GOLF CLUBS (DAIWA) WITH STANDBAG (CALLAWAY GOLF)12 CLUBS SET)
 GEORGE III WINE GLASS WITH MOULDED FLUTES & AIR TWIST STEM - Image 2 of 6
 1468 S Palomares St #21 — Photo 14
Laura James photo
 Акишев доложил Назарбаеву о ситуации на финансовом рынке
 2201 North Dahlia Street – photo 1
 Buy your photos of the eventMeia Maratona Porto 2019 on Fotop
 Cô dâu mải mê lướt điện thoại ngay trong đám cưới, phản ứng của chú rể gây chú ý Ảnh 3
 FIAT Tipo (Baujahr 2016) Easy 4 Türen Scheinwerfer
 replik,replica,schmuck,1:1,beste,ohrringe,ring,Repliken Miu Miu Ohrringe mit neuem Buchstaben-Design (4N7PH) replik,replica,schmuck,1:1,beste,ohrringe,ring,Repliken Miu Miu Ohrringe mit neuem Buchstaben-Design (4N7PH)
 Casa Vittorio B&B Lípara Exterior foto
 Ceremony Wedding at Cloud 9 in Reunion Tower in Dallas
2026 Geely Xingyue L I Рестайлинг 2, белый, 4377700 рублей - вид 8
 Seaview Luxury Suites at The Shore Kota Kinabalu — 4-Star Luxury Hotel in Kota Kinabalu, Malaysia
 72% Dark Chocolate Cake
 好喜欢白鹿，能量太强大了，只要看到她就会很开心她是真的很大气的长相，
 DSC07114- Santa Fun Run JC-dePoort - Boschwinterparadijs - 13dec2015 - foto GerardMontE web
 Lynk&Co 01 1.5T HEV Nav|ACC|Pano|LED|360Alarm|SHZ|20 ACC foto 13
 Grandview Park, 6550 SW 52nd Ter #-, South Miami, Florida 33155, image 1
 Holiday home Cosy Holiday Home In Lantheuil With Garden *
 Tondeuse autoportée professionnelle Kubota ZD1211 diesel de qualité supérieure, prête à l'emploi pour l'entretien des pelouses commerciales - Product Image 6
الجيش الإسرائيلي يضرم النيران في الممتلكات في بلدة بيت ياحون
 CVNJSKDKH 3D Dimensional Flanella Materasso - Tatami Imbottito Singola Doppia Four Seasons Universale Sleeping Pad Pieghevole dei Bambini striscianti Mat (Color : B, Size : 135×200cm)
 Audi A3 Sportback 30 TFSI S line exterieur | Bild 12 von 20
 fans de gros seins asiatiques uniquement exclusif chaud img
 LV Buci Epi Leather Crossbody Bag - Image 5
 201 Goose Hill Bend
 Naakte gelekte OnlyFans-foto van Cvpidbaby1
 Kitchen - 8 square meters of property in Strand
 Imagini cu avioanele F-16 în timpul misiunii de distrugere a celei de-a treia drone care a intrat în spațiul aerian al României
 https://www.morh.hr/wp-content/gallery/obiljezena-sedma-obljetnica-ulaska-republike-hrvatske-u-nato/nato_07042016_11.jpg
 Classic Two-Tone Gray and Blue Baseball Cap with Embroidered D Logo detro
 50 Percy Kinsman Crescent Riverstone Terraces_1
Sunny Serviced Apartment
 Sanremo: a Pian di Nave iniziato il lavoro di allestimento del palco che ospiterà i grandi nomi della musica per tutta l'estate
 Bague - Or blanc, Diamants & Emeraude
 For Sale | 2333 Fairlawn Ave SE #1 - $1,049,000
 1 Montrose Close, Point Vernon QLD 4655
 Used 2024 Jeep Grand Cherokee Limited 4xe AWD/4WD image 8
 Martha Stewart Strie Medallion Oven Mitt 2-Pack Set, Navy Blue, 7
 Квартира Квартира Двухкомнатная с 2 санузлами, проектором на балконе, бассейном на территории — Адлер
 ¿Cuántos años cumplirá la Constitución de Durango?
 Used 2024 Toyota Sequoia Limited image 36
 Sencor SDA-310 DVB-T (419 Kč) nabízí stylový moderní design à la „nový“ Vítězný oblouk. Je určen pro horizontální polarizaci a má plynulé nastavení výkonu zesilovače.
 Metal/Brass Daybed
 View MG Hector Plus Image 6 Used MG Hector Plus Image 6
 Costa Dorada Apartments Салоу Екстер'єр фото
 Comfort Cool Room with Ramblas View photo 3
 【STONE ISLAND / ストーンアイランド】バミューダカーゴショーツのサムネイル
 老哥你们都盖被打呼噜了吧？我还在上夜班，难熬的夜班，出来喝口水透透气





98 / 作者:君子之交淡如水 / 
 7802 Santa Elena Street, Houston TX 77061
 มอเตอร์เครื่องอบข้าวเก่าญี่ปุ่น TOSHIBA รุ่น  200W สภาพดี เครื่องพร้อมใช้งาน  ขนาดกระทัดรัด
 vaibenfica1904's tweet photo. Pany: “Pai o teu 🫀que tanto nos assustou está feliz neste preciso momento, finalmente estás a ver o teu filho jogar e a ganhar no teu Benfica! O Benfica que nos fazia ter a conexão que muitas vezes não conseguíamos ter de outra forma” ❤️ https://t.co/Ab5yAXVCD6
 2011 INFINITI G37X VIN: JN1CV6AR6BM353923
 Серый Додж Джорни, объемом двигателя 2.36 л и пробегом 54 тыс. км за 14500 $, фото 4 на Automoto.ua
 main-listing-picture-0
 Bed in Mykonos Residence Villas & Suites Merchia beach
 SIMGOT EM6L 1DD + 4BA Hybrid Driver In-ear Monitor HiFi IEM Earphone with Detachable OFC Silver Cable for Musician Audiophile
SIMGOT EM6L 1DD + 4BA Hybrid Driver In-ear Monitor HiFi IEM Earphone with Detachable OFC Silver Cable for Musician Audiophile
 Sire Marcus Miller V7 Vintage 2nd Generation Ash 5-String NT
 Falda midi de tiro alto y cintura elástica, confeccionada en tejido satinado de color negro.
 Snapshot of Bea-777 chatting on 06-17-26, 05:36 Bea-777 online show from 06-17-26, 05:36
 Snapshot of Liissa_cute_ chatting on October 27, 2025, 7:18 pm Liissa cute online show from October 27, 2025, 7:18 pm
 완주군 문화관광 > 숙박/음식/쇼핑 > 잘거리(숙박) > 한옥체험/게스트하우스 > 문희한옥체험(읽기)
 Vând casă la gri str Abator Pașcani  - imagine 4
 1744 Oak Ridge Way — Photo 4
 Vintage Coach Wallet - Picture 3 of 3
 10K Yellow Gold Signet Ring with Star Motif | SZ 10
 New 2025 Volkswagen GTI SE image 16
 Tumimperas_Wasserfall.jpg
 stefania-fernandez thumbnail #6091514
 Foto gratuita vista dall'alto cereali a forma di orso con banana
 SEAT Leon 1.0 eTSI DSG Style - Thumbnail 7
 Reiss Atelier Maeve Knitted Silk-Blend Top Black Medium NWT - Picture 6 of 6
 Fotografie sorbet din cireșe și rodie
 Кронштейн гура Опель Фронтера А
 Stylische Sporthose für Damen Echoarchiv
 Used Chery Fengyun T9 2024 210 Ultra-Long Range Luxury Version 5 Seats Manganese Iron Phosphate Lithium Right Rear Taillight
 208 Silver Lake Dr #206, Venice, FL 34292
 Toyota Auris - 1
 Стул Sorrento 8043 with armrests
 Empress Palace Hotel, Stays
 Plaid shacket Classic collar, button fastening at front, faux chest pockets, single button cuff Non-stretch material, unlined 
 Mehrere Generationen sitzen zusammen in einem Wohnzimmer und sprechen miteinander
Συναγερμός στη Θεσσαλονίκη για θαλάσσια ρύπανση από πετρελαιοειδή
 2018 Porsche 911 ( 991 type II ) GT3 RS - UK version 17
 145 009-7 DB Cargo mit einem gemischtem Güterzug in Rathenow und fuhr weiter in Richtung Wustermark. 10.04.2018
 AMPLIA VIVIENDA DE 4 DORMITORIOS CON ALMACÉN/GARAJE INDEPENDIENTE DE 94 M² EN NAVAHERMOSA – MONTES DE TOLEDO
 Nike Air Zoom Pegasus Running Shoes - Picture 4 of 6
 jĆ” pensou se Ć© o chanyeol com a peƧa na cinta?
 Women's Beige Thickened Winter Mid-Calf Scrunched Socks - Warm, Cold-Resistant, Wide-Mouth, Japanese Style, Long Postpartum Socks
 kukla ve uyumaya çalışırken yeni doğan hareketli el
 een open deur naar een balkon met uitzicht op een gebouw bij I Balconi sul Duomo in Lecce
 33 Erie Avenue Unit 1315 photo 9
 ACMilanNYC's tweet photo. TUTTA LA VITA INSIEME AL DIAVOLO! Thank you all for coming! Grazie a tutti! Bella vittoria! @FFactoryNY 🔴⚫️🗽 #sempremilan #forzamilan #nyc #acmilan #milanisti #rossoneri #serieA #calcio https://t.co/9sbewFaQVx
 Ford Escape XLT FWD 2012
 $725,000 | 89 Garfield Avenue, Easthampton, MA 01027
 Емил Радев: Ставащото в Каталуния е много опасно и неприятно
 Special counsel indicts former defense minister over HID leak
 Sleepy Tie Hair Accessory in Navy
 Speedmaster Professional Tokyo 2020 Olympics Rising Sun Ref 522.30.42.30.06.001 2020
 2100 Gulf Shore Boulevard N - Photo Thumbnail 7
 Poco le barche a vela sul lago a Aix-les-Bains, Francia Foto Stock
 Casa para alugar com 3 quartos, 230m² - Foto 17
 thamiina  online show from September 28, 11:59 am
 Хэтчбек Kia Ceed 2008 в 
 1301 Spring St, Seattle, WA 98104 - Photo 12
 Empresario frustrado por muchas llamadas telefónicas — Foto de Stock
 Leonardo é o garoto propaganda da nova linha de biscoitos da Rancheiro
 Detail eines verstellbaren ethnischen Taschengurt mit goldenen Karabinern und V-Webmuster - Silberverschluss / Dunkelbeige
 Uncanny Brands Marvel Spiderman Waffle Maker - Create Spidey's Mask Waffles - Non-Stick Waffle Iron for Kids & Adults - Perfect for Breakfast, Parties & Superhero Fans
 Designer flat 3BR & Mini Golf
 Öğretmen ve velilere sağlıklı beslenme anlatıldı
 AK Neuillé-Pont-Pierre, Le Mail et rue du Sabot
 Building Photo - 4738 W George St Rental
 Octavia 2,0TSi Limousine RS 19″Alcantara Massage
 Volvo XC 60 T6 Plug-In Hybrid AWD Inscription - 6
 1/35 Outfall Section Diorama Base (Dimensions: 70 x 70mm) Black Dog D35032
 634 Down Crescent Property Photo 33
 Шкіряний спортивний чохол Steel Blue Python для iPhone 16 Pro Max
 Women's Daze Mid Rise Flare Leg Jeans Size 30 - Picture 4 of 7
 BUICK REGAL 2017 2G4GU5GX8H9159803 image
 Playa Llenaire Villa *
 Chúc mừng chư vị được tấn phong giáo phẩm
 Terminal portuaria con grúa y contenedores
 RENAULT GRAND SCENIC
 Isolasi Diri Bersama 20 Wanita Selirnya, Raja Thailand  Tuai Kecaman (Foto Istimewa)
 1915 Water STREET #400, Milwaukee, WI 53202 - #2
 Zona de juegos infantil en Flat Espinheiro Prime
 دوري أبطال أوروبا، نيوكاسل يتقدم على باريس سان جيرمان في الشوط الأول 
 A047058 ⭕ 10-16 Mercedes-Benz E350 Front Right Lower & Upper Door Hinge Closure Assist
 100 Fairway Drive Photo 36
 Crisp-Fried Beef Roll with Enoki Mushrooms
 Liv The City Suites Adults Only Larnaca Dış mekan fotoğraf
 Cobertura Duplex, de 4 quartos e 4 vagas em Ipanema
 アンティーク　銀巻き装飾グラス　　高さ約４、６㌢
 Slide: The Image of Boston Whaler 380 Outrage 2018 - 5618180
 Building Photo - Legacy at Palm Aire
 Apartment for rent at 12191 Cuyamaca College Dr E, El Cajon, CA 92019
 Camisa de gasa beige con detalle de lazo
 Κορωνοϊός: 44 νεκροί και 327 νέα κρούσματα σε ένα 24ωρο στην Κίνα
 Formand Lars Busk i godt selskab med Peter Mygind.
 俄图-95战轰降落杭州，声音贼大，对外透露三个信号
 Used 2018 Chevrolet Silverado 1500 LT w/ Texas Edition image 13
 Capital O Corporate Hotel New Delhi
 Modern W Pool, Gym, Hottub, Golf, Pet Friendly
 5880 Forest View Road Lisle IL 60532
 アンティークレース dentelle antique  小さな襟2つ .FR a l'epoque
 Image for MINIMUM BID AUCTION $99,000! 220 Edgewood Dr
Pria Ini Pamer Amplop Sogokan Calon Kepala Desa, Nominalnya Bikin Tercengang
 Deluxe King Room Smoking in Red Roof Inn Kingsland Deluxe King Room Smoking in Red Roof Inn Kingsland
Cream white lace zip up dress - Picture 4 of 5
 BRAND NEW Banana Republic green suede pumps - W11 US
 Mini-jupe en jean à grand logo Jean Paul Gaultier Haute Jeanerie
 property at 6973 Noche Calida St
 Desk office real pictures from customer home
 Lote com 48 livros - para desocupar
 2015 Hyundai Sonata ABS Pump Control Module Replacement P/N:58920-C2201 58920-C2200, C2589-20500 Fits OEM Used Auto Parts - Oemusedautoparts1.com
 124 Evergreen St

---+---

Task requirements. Once you find the line with "98 / 作者:君子之交淡如水 /" above, print it and every line after it up to and including the line with "vaibenfica1904's tweet photo.", exactly as written and nothing else.

Written solution.
98 / 作者:君子之交淡如水 / 
 7802 Santa Elena Street, Houston TX 77061
 มอเตอร์เครื่องอบข้าวเก่าญี่ปุ่น TOSHIBA รุ่น  200W สภาพดี เครื่องพร้อมใช้งาน  ขนาดกระทัดรัด
 vaibenfica1904's tweet photo. Pany: “Pai o teu 🫀que tanto nos assustou está feliz neste preciso momento, finalmente estás a ver o teu filho jogar e a ganhar no teu Benfica! O Benfica que nos fazia ter a conexão que muitas vezes não conseguíamos ter de outra forma” ❤️ https://t.co/Ab5yAXVCD6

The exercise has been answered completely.